With a practiced hand, Anne produced a biro, began pointing to the parts of the paper explaining why I was such a bad, sad person. I’d scored abnormally for instability, depression, nerves, irresponsibility and ‘lack of accord’ with others. The graph said these were Unacceptable States. “That’s not very good is it,” she said, biro lingering over a particularly jagged part of the line.
“Can you think of anything that might have happened in the past to explain why you might be this way?” A thick pause before Anne played her trump card.
“Has anyone ever let you down?”
She was wearing a uniform very similar to a male flight attendant’s: trousers and shirt, a waistcoat with gold piping. I smiled at her and said nothing really came to mind. There was another pause. The biro tapped at the paper.

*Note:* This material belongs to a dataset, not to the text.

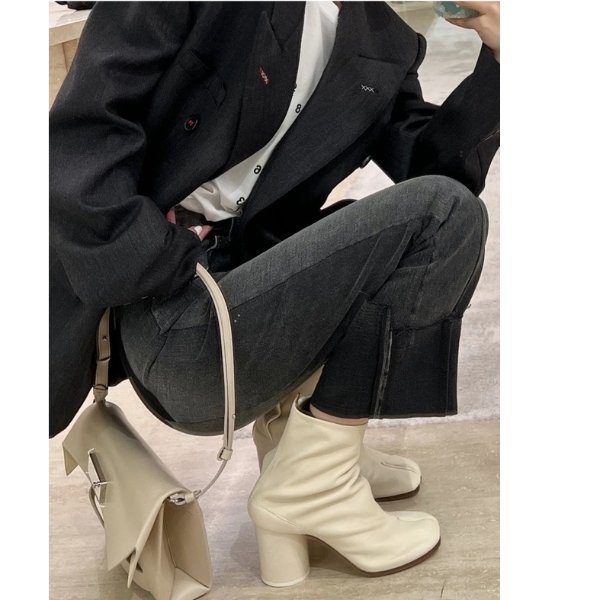 MAISON MARGIELA 奶白色tabi靴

Anne works for the Church of Scientology.
§§§
If you take a short walk from St Paul’s Cathedral, down the streets lined by haughty buildings, you’ll find another church. Like the rest of the architecture, capital leaks from every pore. This is the Church of Scientology’s flagship UK storefront and I’ve come here on a bright, cold April day to have a free personality test.
A documentary on Scientology’s YouTube channel
I’m aware of the Church of Scientology on a basic YouTube and Wikipedia level; I’ve watched some YouTubes, I’ve scrolled through some Wikis. But it’s worth going through the basics one more time. Scientology is a body of religious practices founded in 1954 by the American science fiction writer L. Ron Hubbard. It’s famous for having celebrity adherents like Tom Cruise and John Travolta. It’s infamous because Hubbard’s belief system is founded on a mental story, which goes something like this: 75 million years ago, Earth (then called Teegeeack) belonged to a confederation of 90 planets, ruled by an alien warlord named Xenu. Xenu managed galactic overpopulation by paralysing aliens from other planets, flying them to earth in space craft, dumping them in volcanoes, before showering them with H-bombs. The souls of these murdered people (called Thetans) remained on Earth and inhabit us all today, making us do bad things. The role of Scientology is to remove these Thetans in order to “go clear”. To go clear adherents pay the church thousands upon thousands of pounds, for teaching, classes, materials and auditing.
I did say it was mental.
§§§
Anybody can walk into the Church and take their test for free, which makes it one of London’s cheapest, weirdest days out. After a brief wait in the lobby, a man in the same black and gold uniform as Anne leads me to an exhibition space. The room uses an interplay full of marble, silver, gold and an orange coloured wood in order to say “we have money”: but it is the bling of a third world dictator’s front room, that expensively cheap effect. Half-moon shaped couches are placed opposite wall-mounted television screens, forming educative displays for distinct areas of Scientology. Each zone is separated by glass.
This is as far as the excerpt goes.